Prof. Dr. Frank Noe Head of Computational Molecular Biology group Freie Universitaet Berlin

Phone: (+49) (0)30 838 75354 Web: research.franknoe.de

Mail: Arnimallee 6, 14195 Berlin, Germany

fabian-paul commented 8 years ago

I just want to understand why we are doing what we are doing, before I get too much into the modeling. I'm not familiar with the origin of there weights, but I can think of two settings:

Btw, I think if it is possible to reweight the covariances towards the equilibrium ensemble, then the reweighed matrices could be symmetrized. So I seem to disagree with Feliks here...

fnueske commented 8 years ago

What I had in mind was the first application, the trajectory re-weighting.
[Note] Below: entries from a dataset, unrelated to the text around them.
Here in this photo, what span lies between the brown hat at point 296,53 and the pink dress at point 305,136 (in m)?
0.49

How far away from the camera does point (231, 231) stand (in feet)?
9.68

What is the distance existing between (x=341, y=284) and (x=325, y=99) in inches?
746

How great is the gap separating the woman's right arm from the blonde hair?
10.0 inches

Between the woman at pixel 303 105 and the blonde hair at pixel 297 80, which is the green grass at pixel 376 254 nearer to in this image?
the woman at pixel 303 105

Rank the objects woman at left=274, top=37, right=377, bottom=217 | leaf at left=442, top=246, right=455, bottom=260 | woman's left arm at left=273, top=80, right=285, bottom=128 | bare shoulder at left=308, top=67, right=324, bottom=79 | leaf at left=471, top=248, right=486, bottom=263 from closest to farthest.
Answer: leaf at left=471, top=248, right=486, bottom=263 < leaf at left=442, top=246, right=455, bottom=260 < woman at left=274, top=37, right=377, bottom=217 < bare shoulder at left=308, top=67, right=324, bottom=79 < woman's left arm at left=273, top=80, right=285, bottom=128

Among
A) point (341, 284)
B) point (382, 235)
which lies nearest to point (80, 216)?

I agree there should be a weight to correct the probability of observing x_t, but I don't think we intend to change the conditional transition probability, because it is given by the dynamics. So I'm still in favour of one weight only. I haven't thought about the second application.

About your last comment: That's a good point. And I think it also works if, again, we use the same weights for x and y. This really seems to be what caused all the confusion for me. I will work this out today.

fabian-paul commented 8 years ago

Oh, I thought this was somehow related to https://github.com/markovmodel/PyEMMA/issues/749 which seems to be a weighted ensemble application. You're of course right in having one reweighing factor if the conditional probabilities are unchanged.

franknoe commented 8 years ago

It is related, but I don't think we thought about changing the conditional probabilities there either.

Oh, I thought this was somehow related to https://github.com/markovmodel/PyEMMA/issues/749 which seems to be a weighted ensemble application. You're of course right in having one reweighing factor if the conditional probabilities are unchanged.


You are receiving this because you were mentioned. Reply to this email directly or view it on GitHub: https://github.com/markovmodel/variational/issues/30#issuecomment-220382509

fabian-paul commented 8 years ago

@franknoe aren't you changing the conditional probabilities, when a trajectory is split?

franknoe commented 8 years ago

What do you mean by "when a trajectory is split"? We have a fixed dataset we are working with, no?

@franknoe aren't you changing the conditional probabilities, when a trajectory is split?


You are receiving this because you were mentioned. Reply to this email directly or view it on GitHub: https://github.com/markovmodel/variational/issues/30#issuecomment-220417277

fnueske commented 8 years ago

Ok, from my perspective this is settled. If we use the same weights for x and y, also in the symmetric case, then all cases can be handled. I have implemented this and all tests are fine.

If you have no further concerns, this is ready to be merged.

franknoe commented 8 years ago

Thanks Feliks. Please do a pull request, and I'll review it.